Una hoja en blanco puede ser digno rival, contrincante funesto y real adversario. Los que las conocen saben la desgracia de tenerla justo al frente y no poder decirle nada, ni enseñarle cosa alguna. Se arma el silencio, la hoja brilla de ausente. Entonces el escritor la toma enfurecido y la arruga, sin nada que decirle. Pronto llega otra hoja nueva a vengar a la primera y le clava la mirada al de la pluma. ¿De qué vas a escribir hoy? Se burla. ¿No hay nada allí? Amenaza. La aparta de su vista porque no soporta el sofocamiento que le produce en la mente.
El reloj se adelanta un poco y la hoja ha traído un nuevo número de seguidores de su causa. Son un ciento. Todas están esperando allí, como si fueran a recibir por gracia divina, suplicantes, las palabras que le broten del alma al de la pluma. Primero quieren dar lástima, pero después son arrogantes si no se les calla con una buena redacción de ideas interesantes. Es menester llenarlas una por una, con calma, la estrategia para derrotarlas no es romperlas al vacío, sino conquistarlas lentamente hasta que se percaten que ya están completas.
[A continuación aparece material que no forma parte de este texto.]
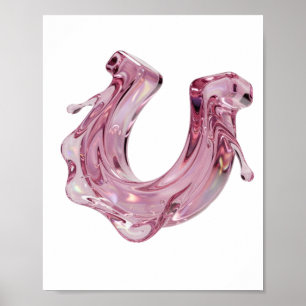 Bold Pink ABSTRACT ART Graphic Design Poster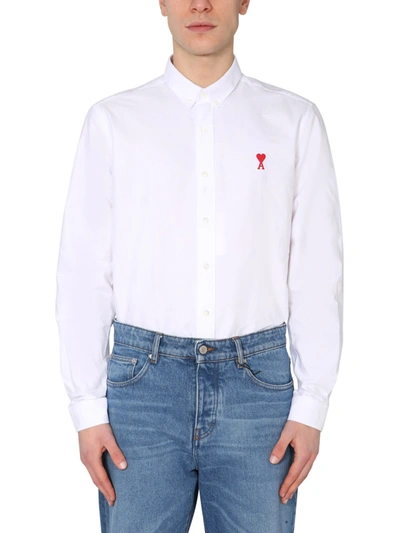 Shop Ami Alexandre Mattiussi Button Down Shirt In Bianco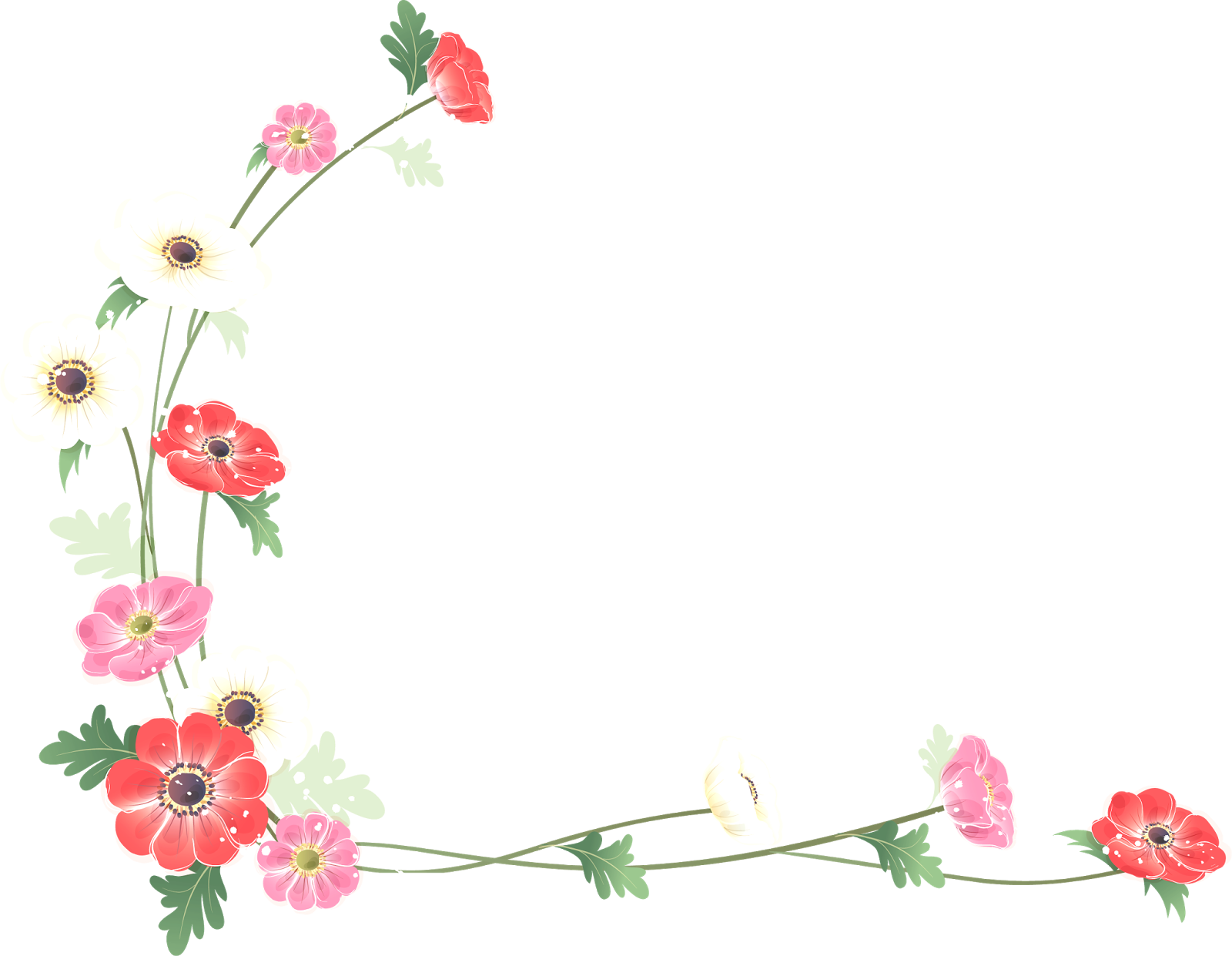 And Flower Border Watercolor Frames Borders Painting Transparent PNG Image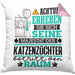 Katzenzüchter Geschenk Kissen mit Füllung 40x40 Lustiger Spruch Erheben Sie Sich Der Katzenzüchter Betritt den Raum (Grau) Rosa Trendation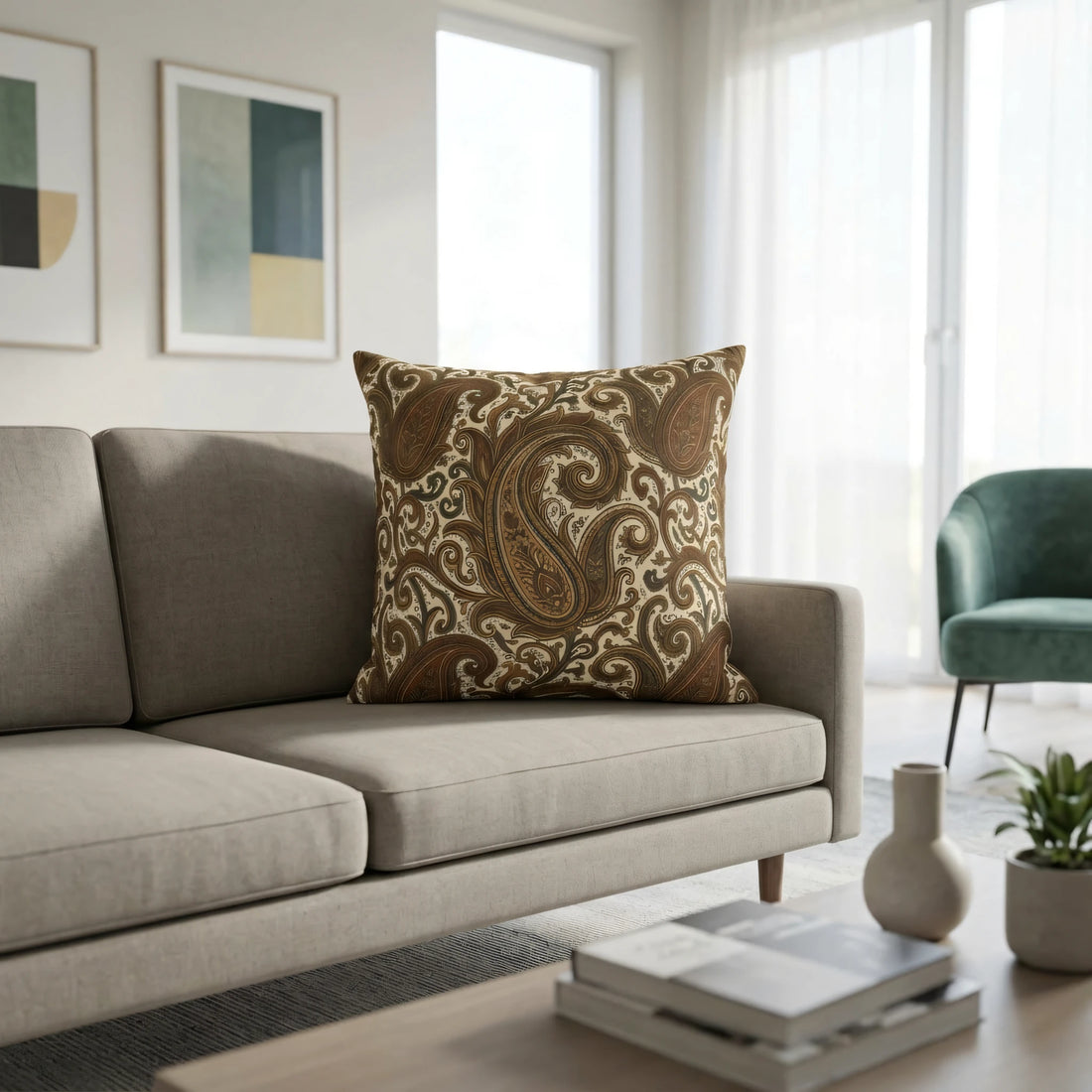 Front view of Kashmir Paisley Pillow Cover on a white background.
Entonces cambiarán de bando: el escritor tendrá finos y elegantes aliados, repletos de elegantes prosas y delicados versos.
Porque hay una verdad conocida, aunque oculta: no hay hoja que sea inderrotable. Sólo momentos de agobio porque la inspiración está dormida. Y si no llega, hay que arrancársela al momento como quien roba un pan cuando se tiene hambre.